Here's an overview of FTP for file download:

  1. Server Setup: To use FTP for file download, you need an FTP server set up and running. The server hosts the files that can be accessed and downloaded by clients.

  2. Client Connection: The client is the device or software that connects to the FTP server to initiate file transfers. The client can be a dedicated FTP client program or a web browser with built-in FTP capabilities.

  3. Connecting to the FTP Server: The client establishes a connection to the FTP server using the server's hostname or IP address, along with a username and password for authentication.

  4. Navigating the Remote File System: Once connected, the client can navigate the directory structure of the remote server using FTP commands such as LIST, CWD, and PWD. These commands allow the client to view the available files and directories on the server.

  5. Downloading Files: To download a file from the FTP server, the client typically uses the RETR (Retrieve) command followed by the filename or path of the file. This initiates the transfer of the specified file from the server to the client. The file is then saved to the client's local system.

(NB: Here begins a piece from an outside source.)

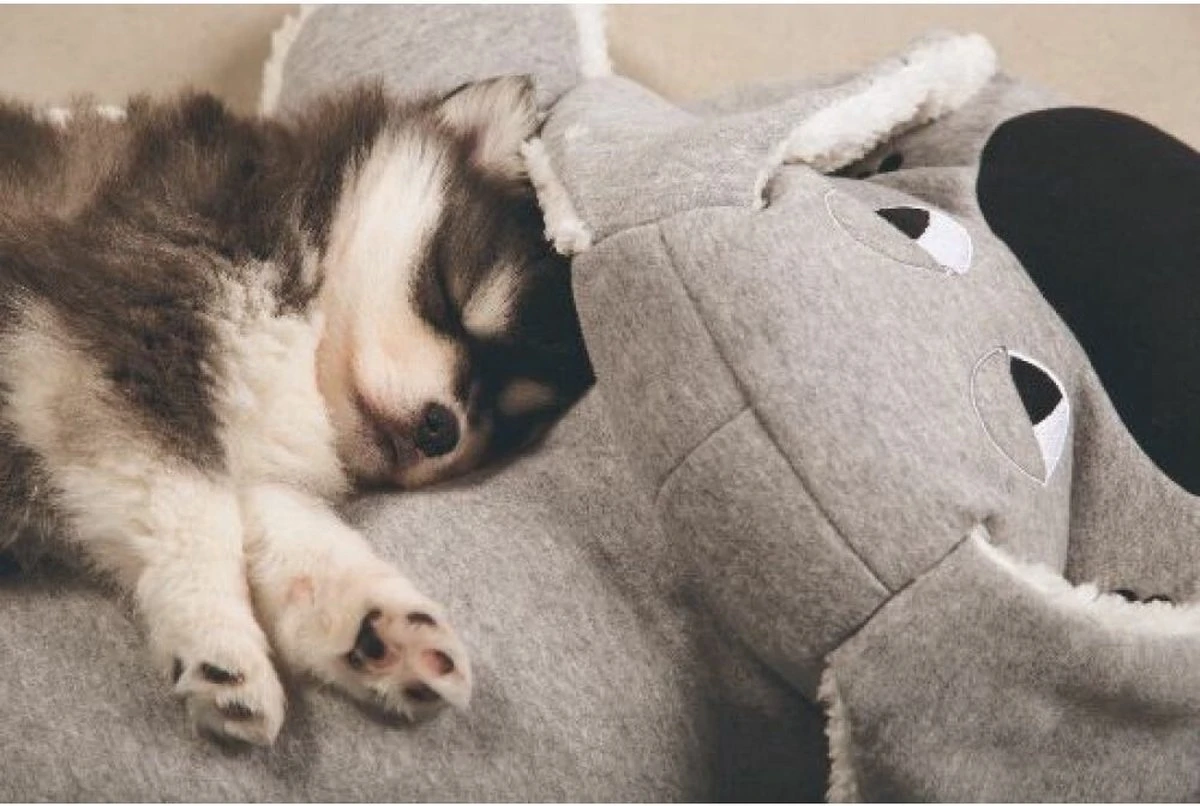 Beeztees Puppy Boomba XL - Hondenspeelgoed - Grijs - 70x40x21 Cm - Afbeelding 3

  6. Binary or ASCII Mode: FTP supports two transfer modes: binary and ASCII. Binary mode is used for non-text files like images, videos, and executables, while ASCII mode is used for plain text files. It's important to choose the correct mode to ensure the file is transferred correctly.

  7. Handling Large Files: FTP supports the ability to resume interrupted file downloads. If a download is interrupted, the client can reconnect to the server and use the REST (Restart) command to specify the starting point of the file transfer.

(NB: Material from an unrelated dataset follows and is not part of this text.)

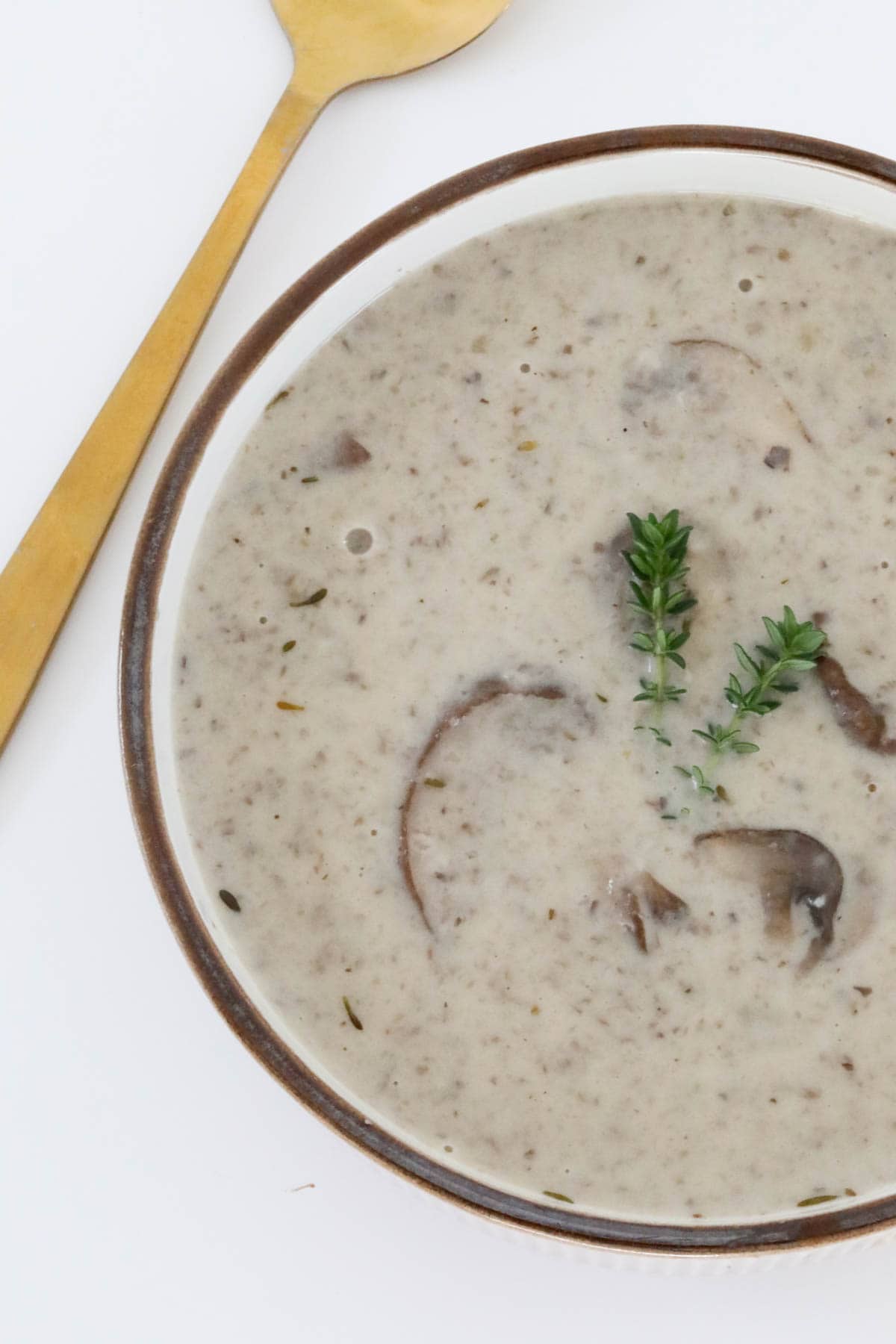 Overhead photo of mushroom soup in a bowl.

  8. Closing the Connection: Once the file transfer is complete, the client can issue the QUIT command to gracefully terminate the FTP session and close the connection to the server.

Here's an example of how to go about it:

import os
import ftplib

username = "dlpuser"
pwd = "rNrKYTX9g7z3RgJRmxWuGHbeu"
remote_dir = 'images'
local_dir = 'C:/Users/USER/OneDrive/Images/PINTEREST/'
history_file = 'history.txt'

ftp = ftplib.FTP("ftp.dlptest.com")
ftp.login(username, pwd)

ftp.cwd(remote_dir)

# Create an empty history file if it doesn't exist
if not os.path.exists(history_file):
    with open(history_file, 'w') as file:
        # Write an initial message or leave it blank
        file.write('This is the history file for downloaded files.\n')       


# Read the previously downloaded files from history file
downloaded_files = []
if os.path.exists(history_file):
    with open(history_file, 'r') as file:
        downloaded_files = file.read().splitlines()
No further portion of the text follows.